The annual Cinco de Mayo parties and marketing campaigns may be winding down, but the following day offers another reason to celebrate, especially if you’re a runner, and even more so this year.
This May 6 marks the 60th anniversary of Roger Bannister’s historic run on the Iffley Road track in England, where he became the first man to dip under the “unbreakable” four-minute barrier for four laps of the cinder oval.
In the intervening six decades, running under four minutes has gone from being considered an unobtainable, superhuman feat to the mark of a really, really good miler (in fact college runners achieve the feat somewhat often, the latest occurrence coming at the Penn Relays last month).
Sub-four minute miles might be even more commonplace if the distance was contested more often, but sadly, that’s not the case.
Since Bannister turned the trick on that stormy English afternoon 60 years ago, the hallowed distance of the mile has been supplanted by its metric equivalent, the 1500 meters, a race which lacks the mile’s symmetry of four equal circuits of the oval, each to be covered in an average of 60 seconds.
Of course almost every track in the world has now been downsized from a quarter mile to the slightly shorter 400 meters, and that has led, at least in American high school ranks, to an abomination of a race known as the 1600. This event is contested nowhere else in the world, and has been shoved down the throats of American high school runners by some unknown bureaucratic rule makers of the National Federation who obviously felt most track officials were too infirm to walk across the oval to the backstretch for the start of the 1500.
As a result, scholastic runners across America run a race that means nothing outside of their own insular athletic world, establishing personal records that they’ll never have a chance to better the rest of their racing careers.
That’s why on this May 6, with its signature anniversary year of Bannister’s achievement, high school middle distance runners across the land should celebrate and honor him by stepping back from the common start/finish line and run an extra 9.344 meters and make what has heretofore been a miss as good as a mile.

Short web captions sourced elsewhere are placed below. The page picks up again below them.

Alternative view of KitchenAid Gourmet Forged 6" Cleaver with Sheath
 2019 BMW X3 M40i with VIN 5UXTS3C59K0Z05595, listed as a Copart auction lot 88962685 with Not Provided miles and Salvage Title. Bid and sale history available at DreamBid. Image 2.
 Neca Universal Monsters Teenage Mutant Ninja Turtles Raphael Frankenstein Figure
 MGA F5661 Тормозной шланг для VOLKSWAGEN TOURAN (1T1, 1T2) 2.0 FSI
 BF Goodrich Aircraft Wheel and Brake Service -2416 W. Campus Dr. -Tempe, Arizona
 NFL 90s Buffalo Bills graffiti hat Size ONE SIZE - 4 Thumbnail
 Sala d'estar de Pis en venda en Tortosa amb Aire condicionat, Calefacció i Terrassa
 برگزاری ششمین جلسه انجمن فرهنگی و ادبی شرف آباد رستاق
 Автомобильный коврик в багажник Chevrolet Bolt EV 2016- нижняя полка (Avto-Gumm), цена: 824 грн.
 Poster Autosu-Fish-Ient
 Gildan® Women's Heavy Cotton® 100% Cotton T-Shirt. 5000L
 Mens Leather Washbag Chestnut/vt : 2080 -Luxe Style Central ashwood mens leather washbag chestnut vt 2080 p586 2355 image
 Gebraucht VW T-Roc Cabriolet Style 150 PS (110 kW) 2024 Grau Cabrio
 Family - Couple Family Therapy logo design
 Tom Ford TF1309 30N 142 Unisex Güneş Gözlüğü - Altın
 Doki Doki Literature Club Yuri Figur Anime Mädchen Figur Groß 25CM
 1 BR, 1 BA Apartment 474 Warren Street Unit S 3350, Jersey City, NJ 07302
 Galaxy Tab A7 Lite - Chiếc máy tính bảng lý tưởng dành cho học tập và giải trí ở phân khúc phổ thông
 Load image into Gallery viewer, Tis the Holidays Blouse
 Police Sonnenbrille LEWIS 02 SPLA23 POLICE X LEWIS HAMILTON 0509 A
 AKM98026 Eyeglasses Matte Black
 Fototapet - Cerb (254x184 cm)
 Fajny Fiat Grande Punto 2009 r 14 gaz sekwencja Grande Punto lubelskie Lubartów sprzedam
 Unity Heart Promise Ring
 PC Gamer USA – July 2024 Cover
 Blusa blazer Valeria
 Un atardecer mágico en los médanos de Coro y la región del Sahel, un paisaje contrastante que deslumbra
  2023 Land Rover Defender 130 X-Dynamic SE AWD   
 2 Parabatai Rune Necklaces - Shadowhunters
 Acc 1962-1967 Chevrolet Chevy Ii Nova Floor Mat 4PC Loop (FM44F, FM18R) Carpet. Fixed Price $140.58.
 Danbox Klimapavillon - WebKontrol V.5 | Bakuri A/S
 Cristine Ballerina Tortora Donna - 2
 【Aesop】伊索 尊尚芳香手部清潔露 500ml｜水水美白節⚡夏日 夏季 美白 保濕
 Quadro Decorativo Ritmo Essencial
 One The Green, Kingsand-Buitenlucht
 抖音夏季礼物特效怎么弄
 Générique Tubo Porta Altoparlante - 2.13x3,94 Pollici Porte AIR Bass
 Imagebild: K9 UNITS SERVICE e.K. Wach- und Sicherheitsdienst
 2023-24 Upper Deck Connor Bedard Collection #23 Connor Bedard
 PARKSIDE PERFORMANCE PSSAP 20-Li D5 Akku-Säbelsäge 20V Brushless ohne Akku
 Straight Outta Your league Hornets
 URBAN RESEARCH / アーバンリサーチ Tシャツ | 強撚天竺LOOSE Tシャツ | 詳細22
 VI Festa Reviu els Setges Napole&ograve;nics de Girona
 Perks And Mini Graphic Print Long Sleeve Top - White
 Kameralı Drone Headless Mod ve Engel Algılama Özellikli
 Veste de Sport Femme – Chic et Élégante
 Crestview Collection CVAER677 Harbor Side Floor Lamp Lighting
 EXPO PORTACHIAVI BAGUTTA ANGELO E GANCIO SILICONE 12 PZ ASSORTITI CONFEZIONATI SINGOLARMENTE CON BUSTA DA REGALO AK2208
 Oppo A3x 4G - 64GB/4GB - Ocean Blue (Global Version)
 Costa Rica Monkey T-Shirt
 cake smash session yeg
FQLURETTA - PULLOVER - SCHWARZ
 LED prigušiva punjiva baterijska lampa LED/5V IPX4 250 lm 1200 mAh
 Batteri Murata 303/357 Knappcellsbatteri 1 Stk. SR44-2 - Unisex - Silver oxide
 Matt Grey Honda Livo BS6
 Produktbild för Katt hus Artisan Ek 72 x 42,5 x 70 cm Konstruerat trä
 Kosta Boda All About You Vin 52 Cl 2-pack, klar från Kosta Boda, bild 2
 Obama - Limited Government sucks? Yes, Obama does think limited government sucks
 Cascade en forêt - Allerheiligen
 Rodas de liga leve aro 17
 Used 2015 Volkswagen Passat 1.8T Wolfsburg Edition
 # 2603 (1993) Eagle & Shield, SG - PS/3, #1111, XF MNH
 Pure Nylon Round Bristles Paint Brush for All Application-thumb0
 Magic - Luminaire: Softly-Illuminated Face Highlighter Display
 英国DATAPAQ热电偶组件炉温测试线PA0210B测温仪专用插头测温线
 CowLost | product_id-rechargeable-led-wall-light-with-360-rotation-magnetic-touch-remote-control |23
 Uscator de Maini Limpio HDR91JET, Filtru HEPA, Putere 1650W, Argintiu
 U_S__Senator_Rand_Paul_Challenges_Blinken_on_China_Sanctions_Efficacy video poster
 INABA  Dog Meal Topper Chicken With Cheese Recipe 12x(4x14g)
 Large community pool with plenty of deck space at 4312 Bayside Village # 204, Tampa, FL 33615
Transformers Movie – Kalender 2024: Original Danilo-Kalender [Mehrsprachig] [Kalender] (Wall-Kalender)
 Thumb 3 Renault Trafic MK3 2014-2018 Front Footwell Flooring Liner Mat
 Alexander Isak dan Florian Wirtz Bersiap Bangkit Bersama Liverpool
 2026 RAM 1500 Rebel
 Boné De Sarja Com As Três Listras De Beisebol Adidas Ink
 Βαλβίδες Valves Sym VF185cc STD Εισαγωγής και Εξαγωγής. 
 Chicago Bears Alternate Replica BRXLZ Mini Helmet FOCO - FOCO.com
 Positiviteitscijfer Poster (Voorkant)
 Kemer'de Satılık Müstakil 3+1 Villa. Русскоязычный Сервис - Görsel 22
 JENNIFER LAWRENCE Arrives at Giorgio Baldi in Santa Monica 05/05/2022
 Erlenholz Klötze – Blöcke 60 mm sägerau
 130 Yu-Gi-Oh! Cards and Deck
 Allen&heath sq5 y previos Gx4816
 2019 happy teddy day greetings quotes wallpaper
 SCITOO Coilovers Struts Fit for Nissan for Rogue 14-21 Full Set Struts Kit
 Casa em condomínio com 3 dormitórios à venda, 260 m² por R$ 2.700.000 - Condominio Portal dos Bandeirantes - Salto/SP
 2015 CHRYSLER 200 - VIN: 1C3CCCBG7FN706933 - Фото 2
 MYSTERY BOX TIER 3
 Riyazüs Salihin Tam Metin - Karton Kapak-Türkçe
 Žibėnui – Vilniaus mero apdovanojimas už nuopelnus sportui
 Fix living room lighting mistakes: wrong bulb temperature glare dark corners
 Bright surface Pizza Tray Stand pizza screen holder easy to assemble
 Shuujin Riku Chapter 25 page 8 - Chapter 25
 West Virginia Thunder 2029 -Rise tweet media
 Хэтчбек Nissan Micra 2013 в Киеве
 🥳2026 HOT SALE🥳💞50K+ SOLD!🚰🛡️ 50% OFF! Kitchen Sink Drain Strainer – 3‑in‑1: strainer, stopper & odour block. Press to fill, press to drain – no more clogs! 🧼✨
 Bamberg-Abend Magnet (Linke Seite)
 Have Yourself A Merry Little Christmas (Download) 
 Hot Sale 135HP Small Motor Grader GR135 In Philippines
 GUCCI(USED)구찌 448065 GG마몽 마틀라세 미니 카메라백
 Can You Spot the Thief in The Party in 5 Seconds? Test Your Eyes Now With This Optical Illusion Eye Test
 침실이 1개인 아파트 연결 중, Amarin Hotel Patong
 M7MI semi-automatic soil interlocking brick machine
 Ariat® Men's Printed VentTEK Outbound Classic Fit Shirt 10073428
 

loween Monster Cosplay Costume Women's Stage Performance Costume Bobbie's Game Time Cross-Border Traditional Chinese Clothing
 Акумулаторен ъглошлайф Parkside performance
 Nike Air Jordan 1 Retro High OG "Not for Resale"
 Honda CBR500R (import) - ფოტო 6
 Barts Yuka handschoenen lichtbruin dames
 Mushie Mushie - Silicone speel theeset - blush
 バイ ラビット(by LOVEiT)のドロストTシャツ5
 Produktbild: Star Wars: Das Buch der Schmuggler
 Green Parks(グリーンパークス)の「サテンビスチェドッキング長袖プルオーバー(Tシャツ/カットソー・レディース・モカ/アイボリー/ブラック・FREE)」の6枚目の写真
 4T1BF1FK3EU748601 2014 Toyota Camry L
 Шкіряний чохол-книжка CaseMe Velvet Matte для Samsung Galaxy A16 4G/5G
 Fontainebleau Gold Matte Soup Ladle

A few minutes with a tape measure and a piece of chalk will do the trick, allowing thousands of high schoolers a chance to measure themselves against what many consider the most salient athletic achievement in history, over the full 1,760 yard distance.
So when the starter calls for all 1600-meter runners to assemble, be bold, line up just inside the 4×400 relay exchange zone, and find your inner, and true, miler. By taking a few steps back, you may actually be taking huge strides forward in bringing meaning to middle distance racing in an area it’s been sadly lacking for years.